I'm not sure. It's interesting & fun. But hey, it's Friday evening.

Regarding the "clean the floor", Marginean's original ScopeGuard has a 'dismiss' 
method (great for e.g. implementing transactions). There's probably also much 
other such functionality that can be added.

The original use case for Cleanup, I just posted this in case people could find 
it useful, was a harness for testing that C++ code /fails/ as it should,
<url: http://pastebin.com/NK8yVcyv>, where Cleanup is used at line 479.

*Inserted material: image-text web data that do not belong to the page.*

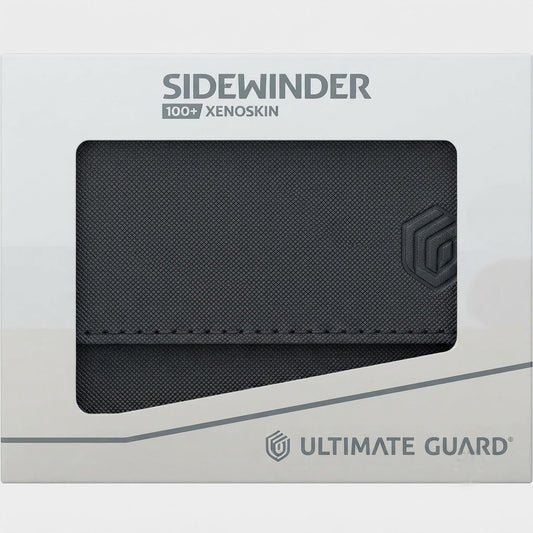 Ultimate Guard Sidewinder 100+ Xenoskin Grey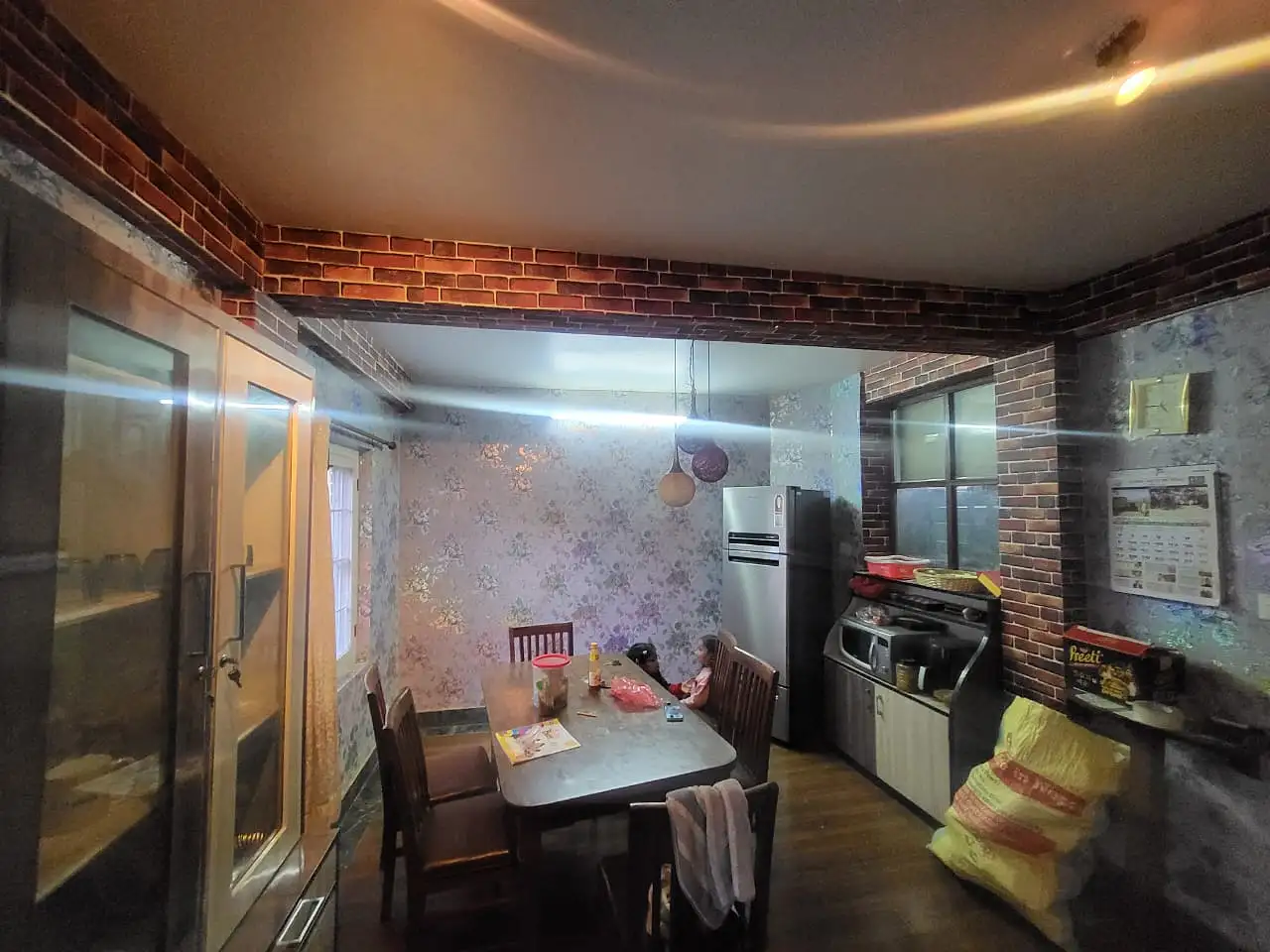 House for Rent in Hattigauda Image 4
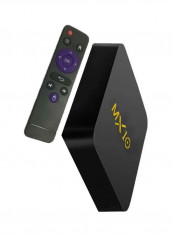 MX10 Wifi TV Box XD4644906 Black reviews MX10 Wifi TV Box XD4644906 Black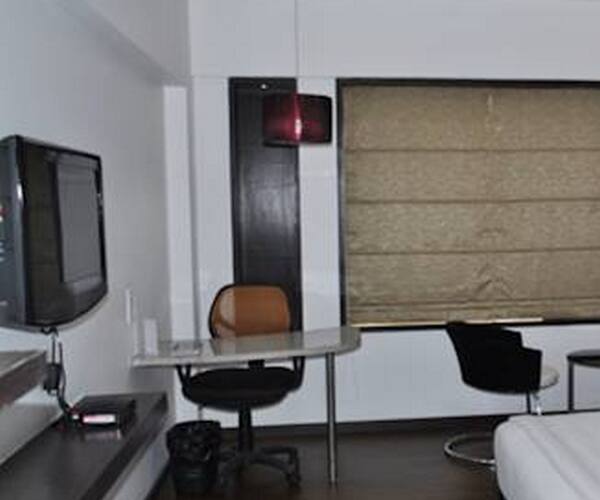 Polo Rooms Pune, Pune 4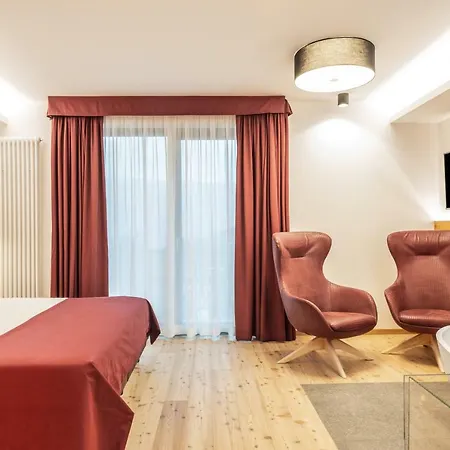Ai Spiazzi 4* Mezzocorona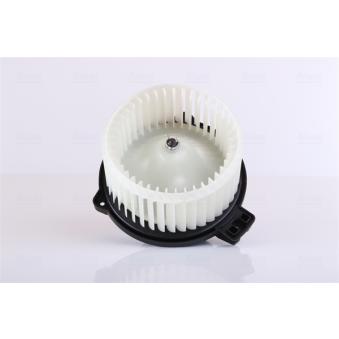 Pulseur d'air habitacle NISSENS [87821]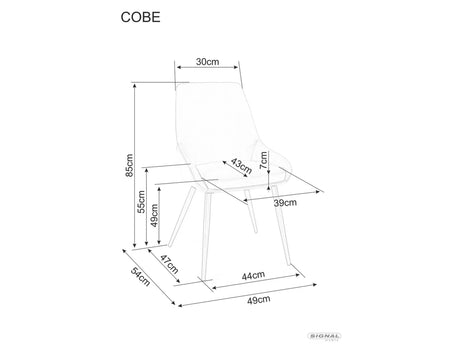 Dining Chair SG1117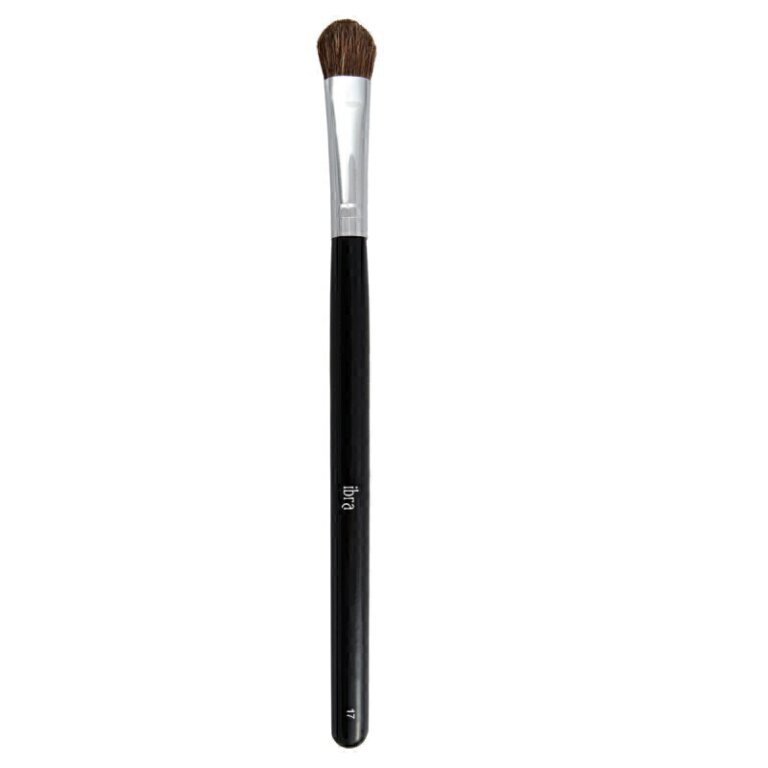 IBRA MAKEUP PĘDZEL NR 17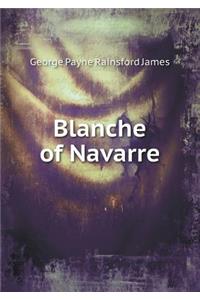 Blanche of Navarre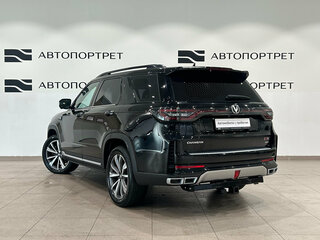 2024 Changan CS95 I Рестайлинг 2, чёрный, 2749000 рублей, вид 3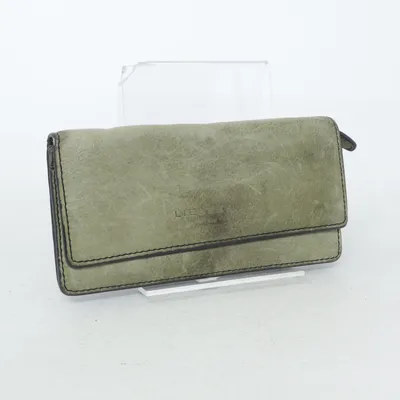 Plånbok (Grå) från Liebeskind Berlin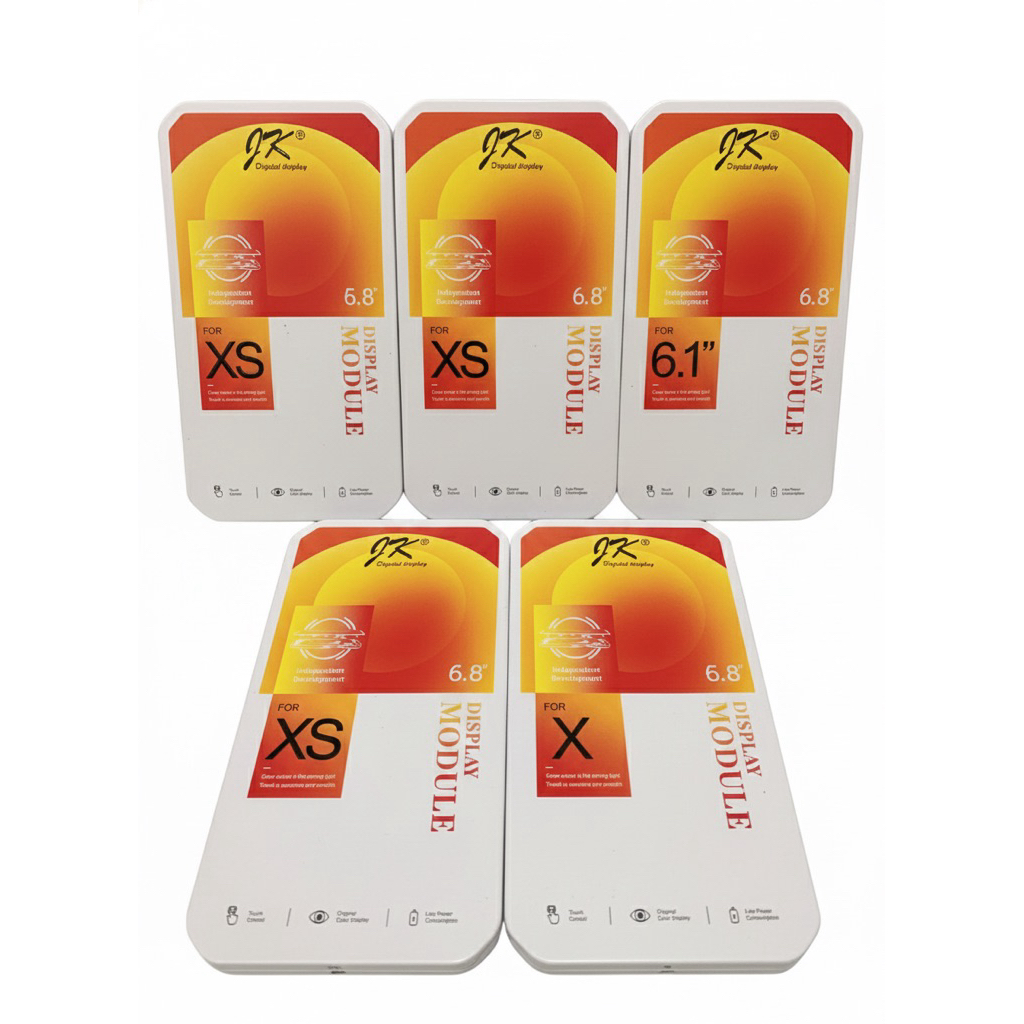 Lcd iphone xs jk original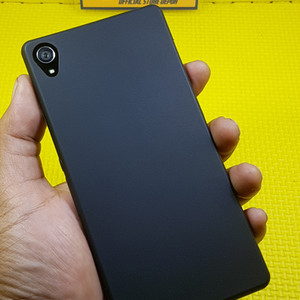 Sony Xperia Z3 Big Docomo Sedikit Lecet Fisik Tokopedia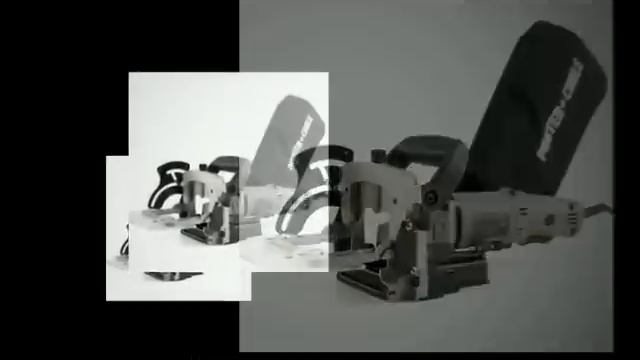 Porter Cable Biscuit Joiner.avi смотреть онлайн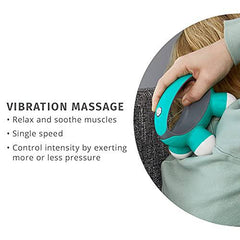 Quatro Mini Massager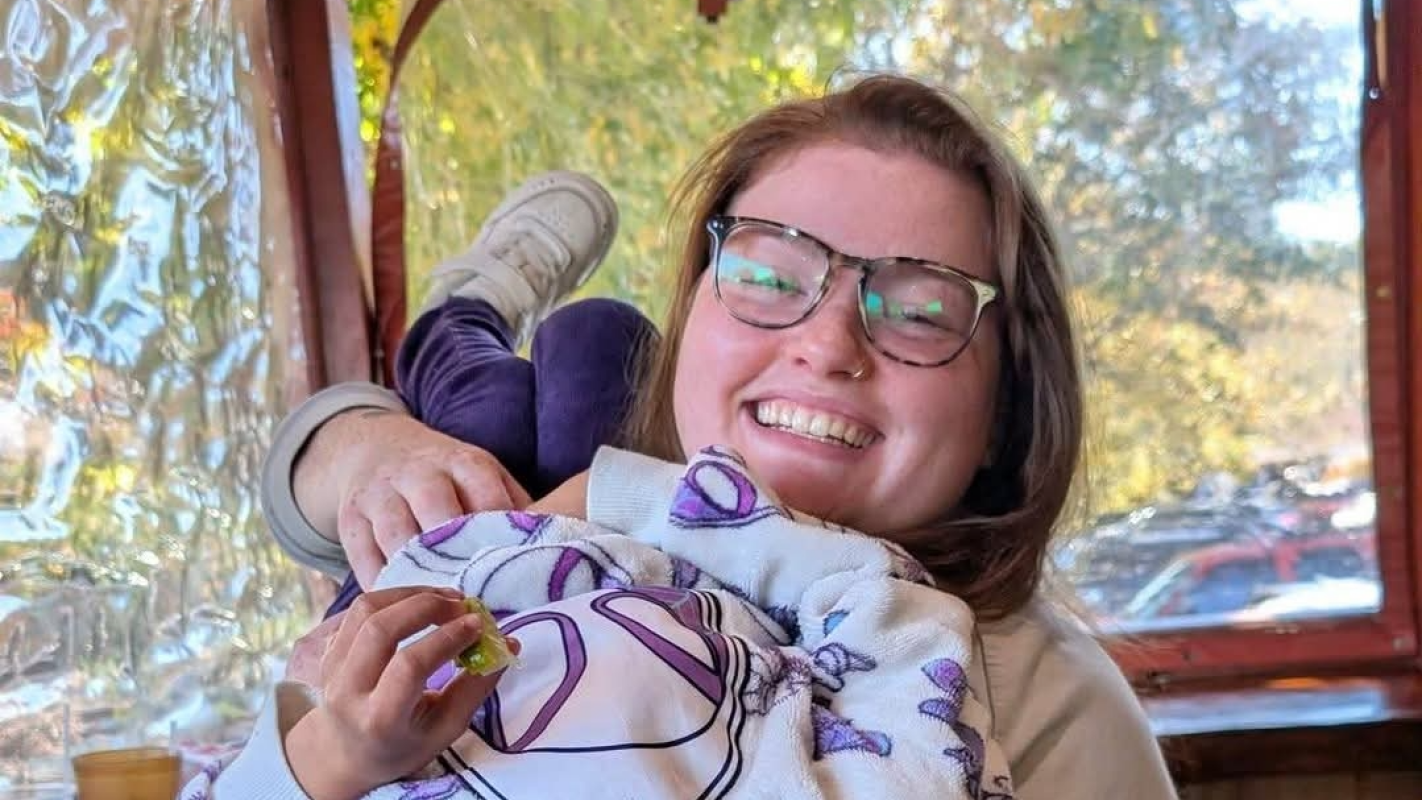 Help with burying my daughter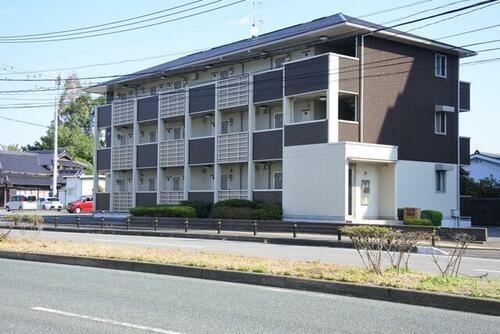 佐賀県三養基郡基山町大字小倉 賃貸アパート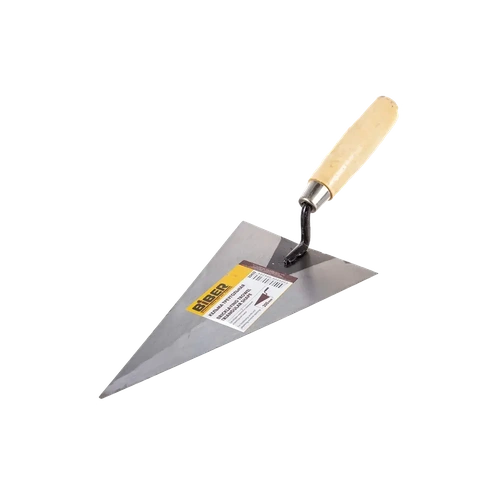 Кельма треугольная Biber, 200 мм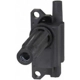 Purchase Top-Quality Ignition Coil by SPECTRA PREMIUM INDUSTRIES - C653 pa11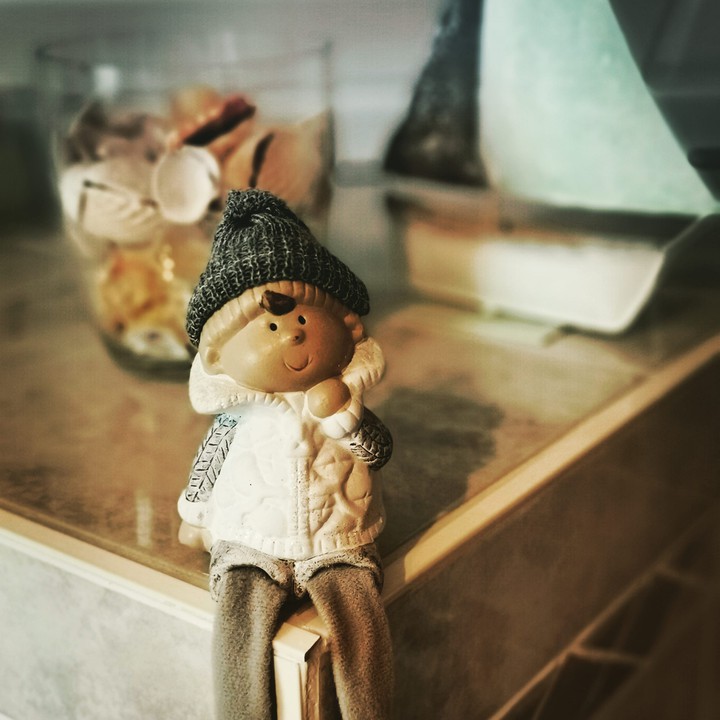 doll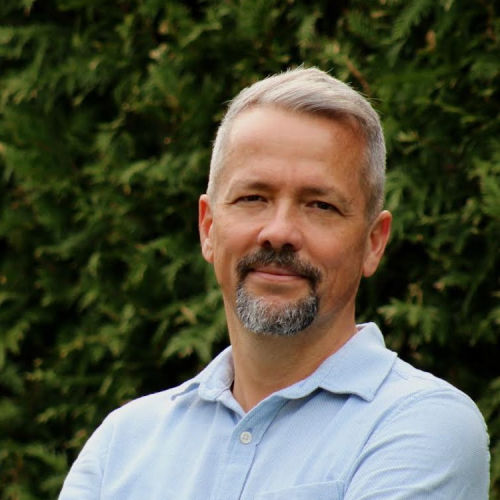 Bakán András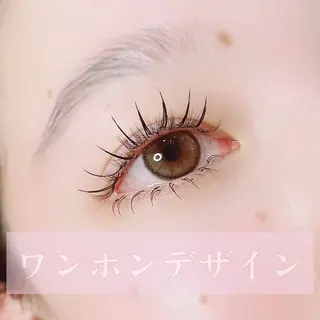 マツエク・マツパ ISLA BEAUTY中目黒所属・TAKI 𓂃 𓈒𓏸のマツエク・マツパデザイン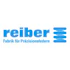 Reiber GmbH, Drahtbiegeteile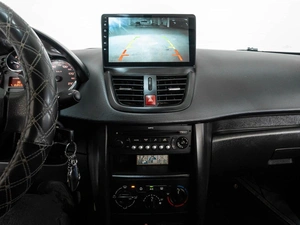 Хетчбэк Peugeot 207 2008 года, 489000 рублей, Ставрополь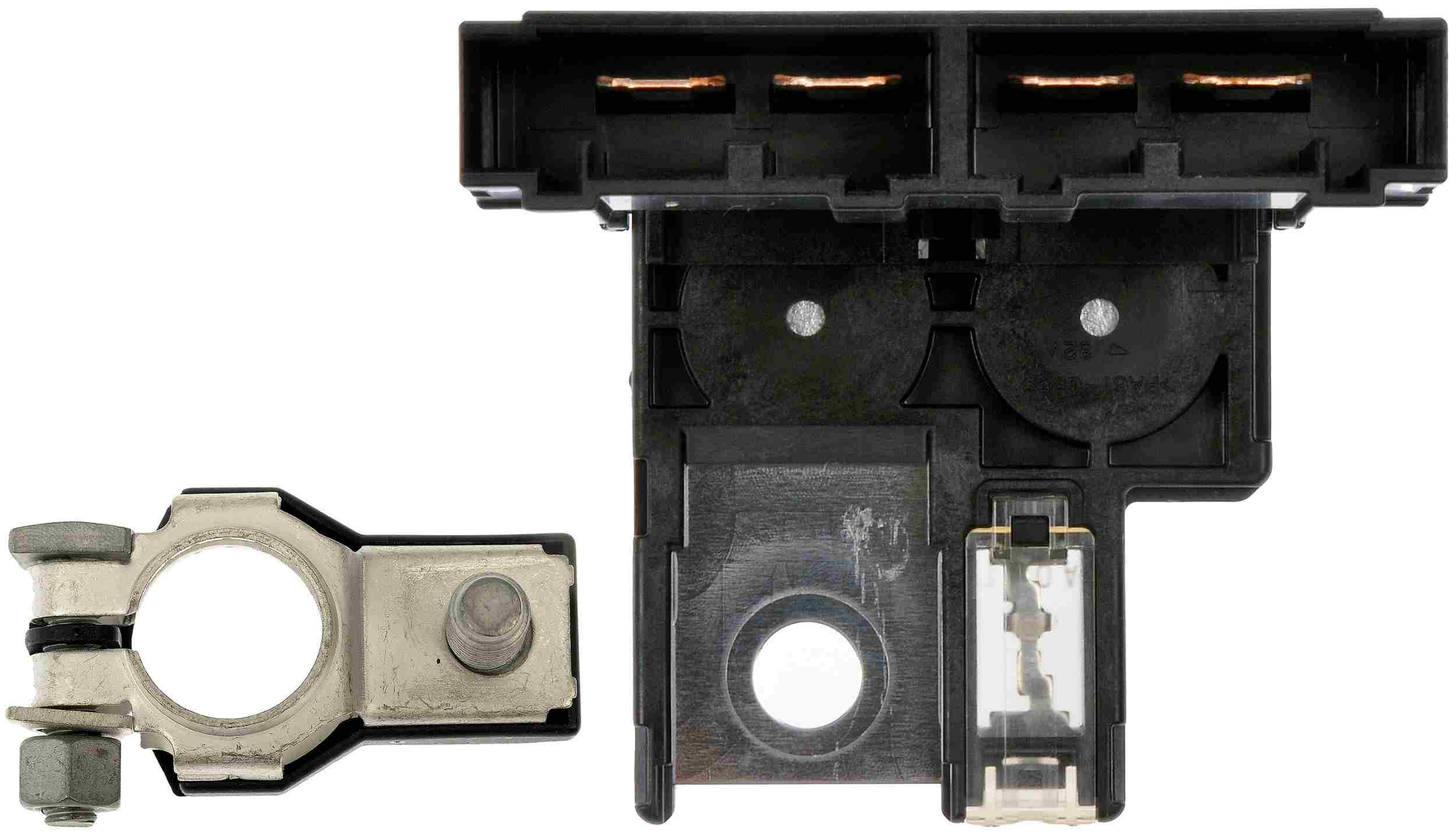 Dorman - OE Solutions BATTERY FUSE AND TERMINAL KIT 956-402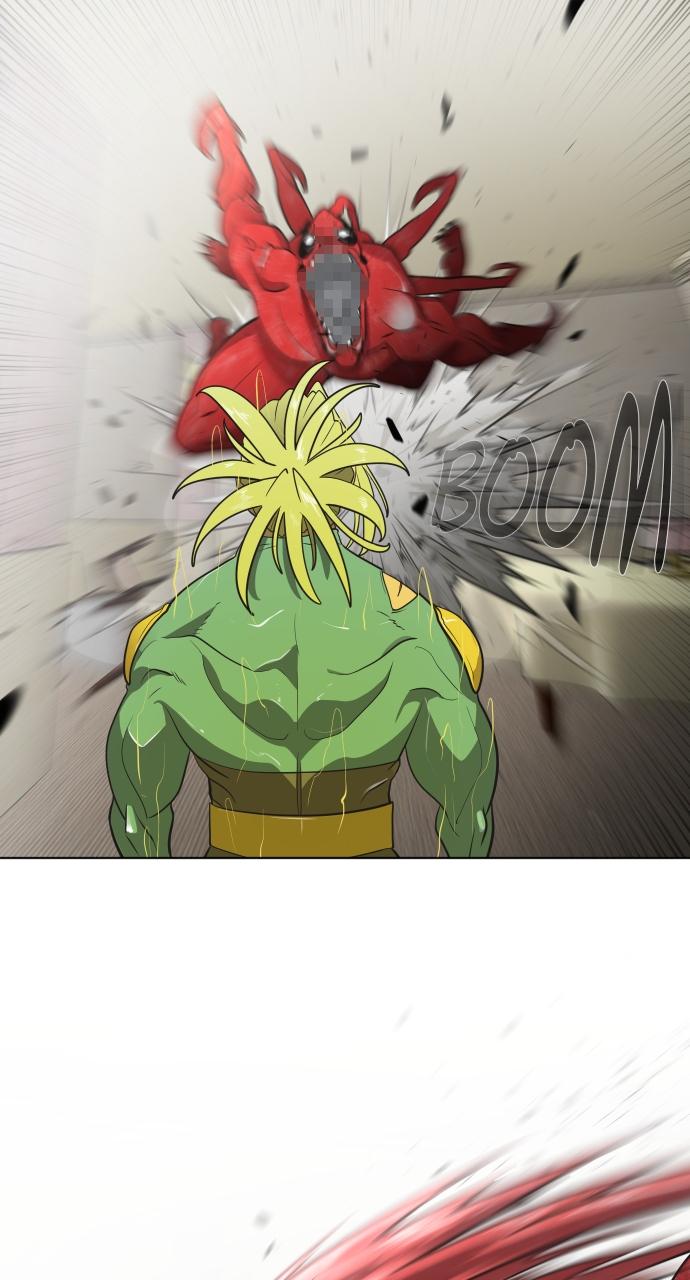 The Superhuman Era Chapter 15 - Page 9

Some discussion of that in Usenet message and associated thread 
<hmmcdm$p1i$1 at news.eternal-september.org>, "Unit testing of expected failures -- 
what do you use?" in [comp.lang.c++].

Another similar approach was discussed by Carlo Milanesi in <url: 
http://www.drdobbs.com/cpp/205801074>, but he supplied this reference after I'd 
done the above. Mainly the difference is that he defines a custom mark-up 
language with corresponding source preprocessing, while I use the ordinary C++ 
preprocessor. There are advantages and disadvantages to both approaches.